Lawyers for Juan Manuel Montes, the 23 year-old DACA recipient deported by the Department of Homeland Security, say they have full faith in their client's story. But in a conference call with reporters Thursday, Montes' legal team — he is suing DHS for documents relating to his case — did not provide evidence to corroborate Montes' claim that Border Patrol agents picked him up for no reason in Calexico, Calif., on Feb. 17 and summarily deported him.

"My team and I have had many, many conversations with Juan Manuel, and he is adamant about two things," Karen Tumlin, legal director of the National Immigration Law Center, said on the call Thursday. "Number one, that he had DACA at the time he was removed. And number two, that he did not leave the country that he loves, the country that he considers home, on his own volition."

"He maintains that a Border Patrol officer approached him in California in mid-February," Tumlin continued. "He was detained, and mere hours later he was kicked out of the city and country that he knows. He was not given access to a lawyer. He was not given a chance to go to court."

While Tumlin took care to attribute the story to Montes alone — "Here is what Juan Manuel says happened to him" and "He maintains …" — she had little to add whenever reporters asked for details to back up the story.

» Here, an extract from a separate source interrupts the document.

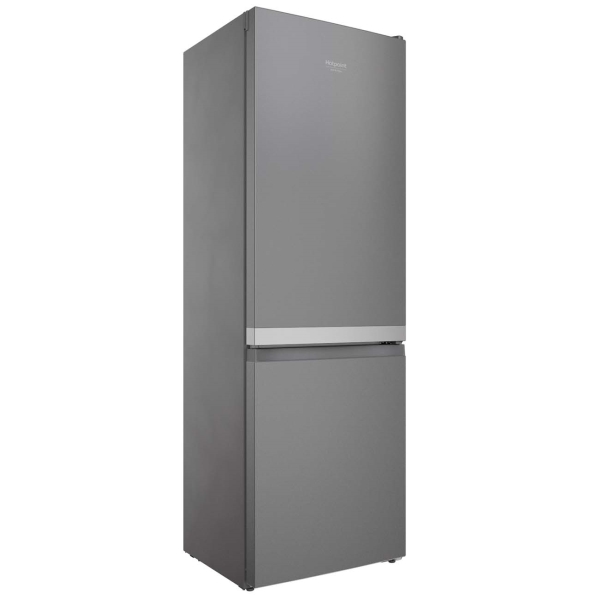 Холодильник Hotpoint-Ariston HTS 4180 S серебристый холодильник hotpoint ariston hts 5200 mx серебристый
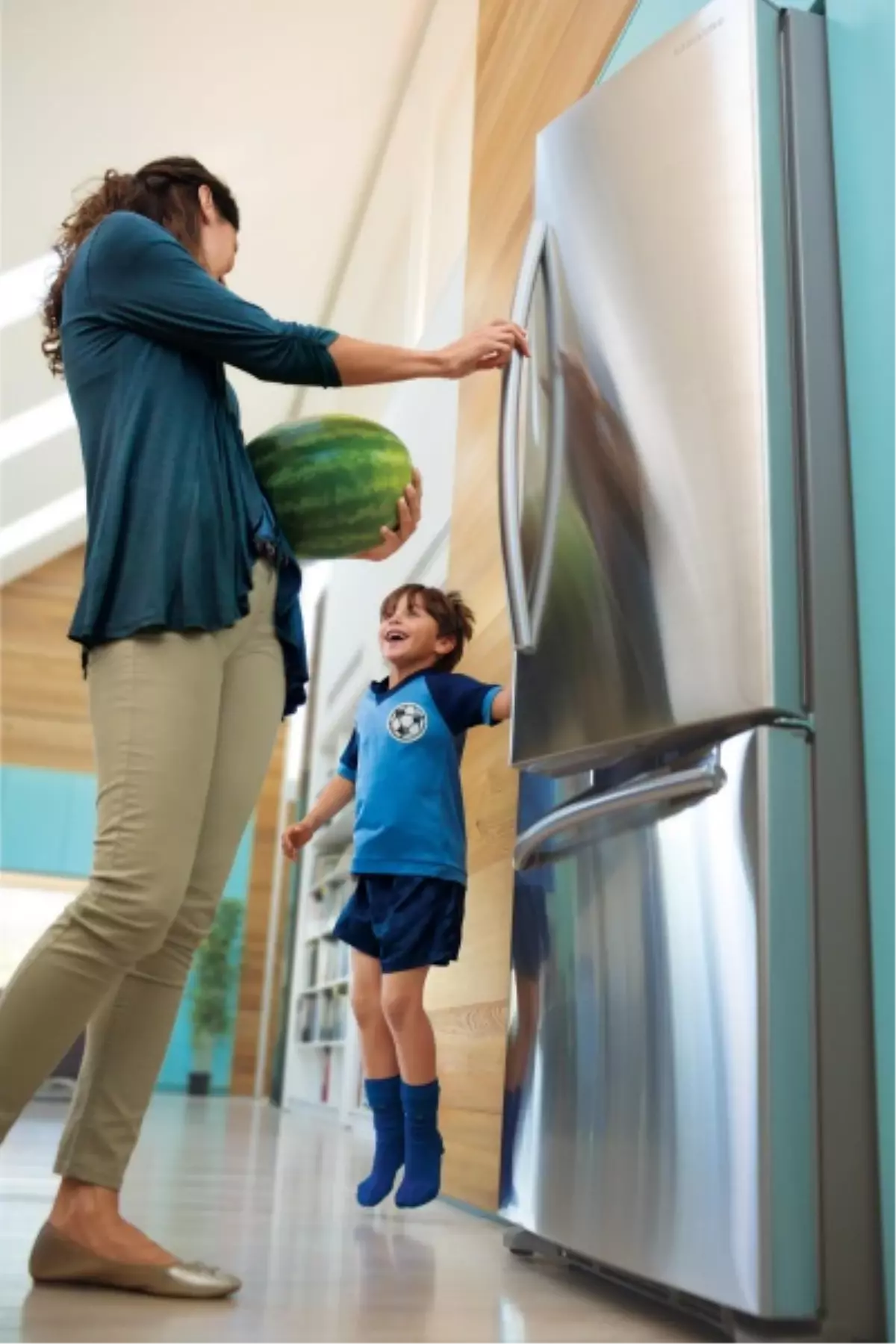 Samsung Yeni Teknolojisiyle Birçok İlke İmza Atıyor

A few examples. Montes says he was minding his own business, walking down a street in Calexico on Feb. 17 when he was approached by Border Patrol. He says that when he told officers that he had forgotten his wallet containing his ID, he was detained and deported in a process that took only a few hours on the night of Feb. 17 and the early morning of Feb. 18. Montes says he went to a friend's house in Mexicali, Mexico. There, he says, friends from the U.S. brought him his wallet and some clothes. Then, Montes says, after leaving his Mexican friend's house around 10 p.m. on Feb. 18, he was accosted by two street criminals who stole his suitcase and beat him up. Montes says he again had left his wallet behind — this time at the Mexican friend's house — and, injured by the beating, he returned to the house, got his wallet and phone, and on the morning of Feb. 19, climbed the border fence back into the United States. A short time later, he was picked up by Border Patrol.

On the conference call, reporter Pilar Marrero of the Spanish-language publication La Opinion asked Tumlin about corroborating witnesses. Montes says he was in contact with a number of people at various times from Feb. 17-19. "He stayed with a friend, he had another friend cross the border to take him his wallet … have you been able to talk to them?" Marrero asked.

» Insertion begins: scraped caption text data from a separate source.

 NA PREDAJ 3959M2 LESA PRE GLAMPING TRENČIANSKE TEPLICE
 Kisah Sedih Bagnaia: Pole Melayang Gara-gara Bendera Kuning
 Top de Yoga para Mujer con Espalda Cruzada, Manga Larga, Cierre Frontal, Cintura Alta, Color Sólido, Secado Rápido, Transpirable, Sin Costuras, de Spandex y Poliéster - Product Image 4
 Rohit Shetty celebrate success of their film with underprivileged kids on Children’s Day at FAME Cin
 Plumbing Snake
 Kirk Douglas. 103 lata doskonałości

"We have been in contact not only with Juan but with his mom," Tumlin answered. "In terms of other folks as well, at this time we're not willing to put other folks who have been in contact with Juan in the spotlight, because of their own wishes." Tumlin suggested that some witnesses might have immigration issues of their own — "Folks have different kinds of status," she said. "But I will say that the consistency of Juan's story and speaking to his mother is remarkable and has lined up for weeks and weeks and weeks."

Tumlin said Montes was "seriously injured" by the beating he suffered during the robbery on Feb, 18. "He cannot walk without a heavy limp from that attack," Tumlin told reporters. Geneva Sands of ABC News wanted to know: When Montes wanted to re-enter the United States on Feb. 19, why did he choose to climb over the border fence rather than approach officials at the normal Calexico port of entry? "I was just wondering why he wouldn't try to come through legally and talk to an agent if he had been deported in these circumstances?" Sands asked.

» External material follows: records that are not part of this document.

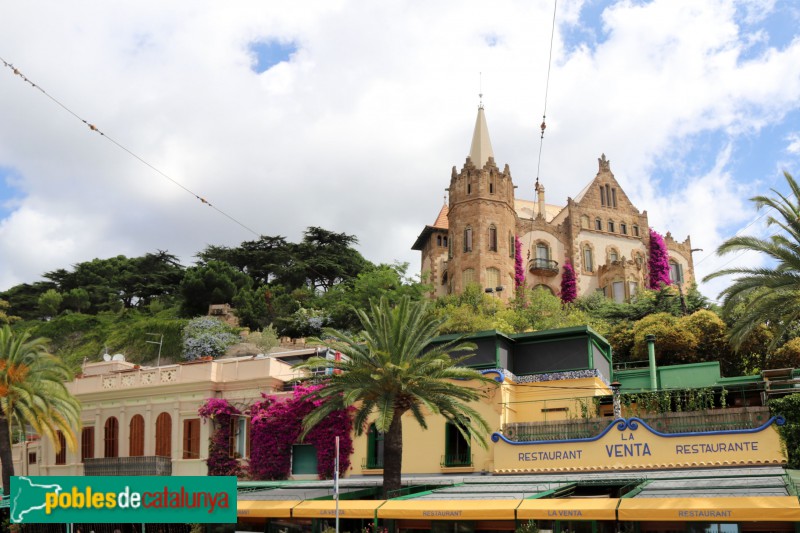 Barcelona - Manuel Arnús, 1-31 (Foto: Albert Esteves, 2020) Barcelona - Manuel Arnús, 1-31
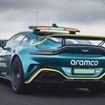 アストンマーティン・ヴァンテージS新型のF1公式セーフティカー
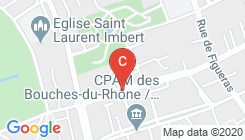 Plan d'accès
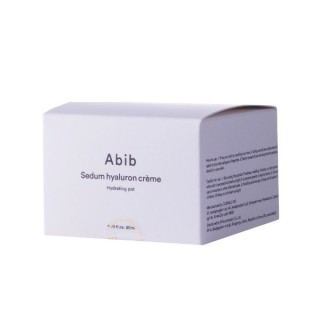 Abib Sedum Beruhigende und feuchtigkeitsspendende Creme 80 ml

"As Juan Manuel describes it in the lawsuit," Tumlin answered, "when he tried to come back over the border, he was indeed, first of all, physically seriously injured, from just having been beaten up and was afraid for his physical safety, and he just wanted to come home to the country where he feels safe and where his life is."

Finally, Tumlin announced that DHS had provided some documents in response to Montes' lawsuit. "Just this morning, the government finally produced just a few pages of responsive documents, detailing only the second deportation by Juan Manuel," Tumlin said.

What documents were they? asked Alejandro Lazo of the Wall Street Journal. What new information did they provide?

"I will be honest that I haven't been able to open all the documents," Tumlin said. "My team has opened them." She called the papers "paltry, insufficient, and incomplete," but did not describe their contents.

In 40 minutes of questions and answers, the lawyers did not offer new details to support Montes' story. Indeed, after the conference call, the public did not know much more about the status of the case then it knew before. Department of Homeland Security officials say they have no record of the Feb. 17 encounter that Montes claims. They say the only time Border Patrol had contact with Montes was when he was caught after climbing over the fence into the U.S. on Feb. 19. And they say he was deported at that time because he had left the country without authorization — authorization required by the terms of his DACA status — and that doing so resulted in the immediate termination of Montes' DACA protections.

Montes' lawyers vowed to press on with their suit to force DHS to turn over more documents. But to make the case anything more than simply Juan Manual Montes' story, his legal team will have to produce some evidence of its own.